▶ **Input for this task**
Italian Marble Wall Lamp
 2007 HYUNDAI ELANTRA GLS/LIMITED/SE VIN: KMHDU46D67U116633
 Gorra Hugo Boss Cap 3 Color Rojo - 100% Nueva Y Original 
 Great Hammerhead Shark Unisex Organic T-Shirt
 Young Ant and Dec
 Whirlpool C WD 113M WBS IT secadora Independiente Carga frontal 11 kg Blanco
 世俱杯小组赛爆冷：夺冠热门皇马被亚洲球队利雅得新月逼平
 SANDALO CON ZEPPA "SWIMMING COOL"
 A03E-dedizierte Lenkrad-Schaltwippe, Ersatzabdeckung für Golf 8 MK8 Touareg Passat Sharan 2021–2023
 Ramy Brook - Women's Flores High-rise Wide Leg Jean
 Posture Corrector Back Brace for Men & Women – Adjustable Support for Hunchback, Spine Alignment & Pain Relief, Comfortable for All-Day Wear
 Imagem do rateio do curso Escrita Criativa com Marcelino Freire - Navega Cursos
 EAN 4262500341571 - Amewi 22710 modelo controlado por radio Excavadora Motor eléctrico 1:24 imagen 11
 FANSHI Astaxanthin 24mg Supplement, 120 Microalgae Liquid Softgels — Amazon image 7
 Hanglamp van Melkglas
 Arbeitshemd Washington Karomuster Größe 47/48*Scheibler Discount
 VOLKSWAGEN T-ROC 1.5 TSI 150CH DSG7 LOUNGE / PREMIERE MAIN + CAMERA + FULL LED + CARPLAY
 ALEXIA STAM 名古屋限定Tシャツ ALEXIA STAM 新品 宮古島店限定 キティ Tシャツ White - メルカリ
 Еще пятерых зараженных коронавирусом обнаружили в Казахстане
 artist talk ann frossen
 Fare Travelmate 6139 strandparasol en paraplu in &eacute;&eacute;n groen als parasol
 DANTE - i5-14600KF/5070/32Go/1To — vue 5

▶ **Exercise**
Using the records above, report each line with the string "Women".

▶ **Task solution**
 Ramy Brook - Women's Flores High-rise Wide Leg Jean
 Posture Corrector Back Brace for Men & Women – Adjustable Support for Hunchback, Spine Alignment & Pain Relief, Comfortable for All-Day Wear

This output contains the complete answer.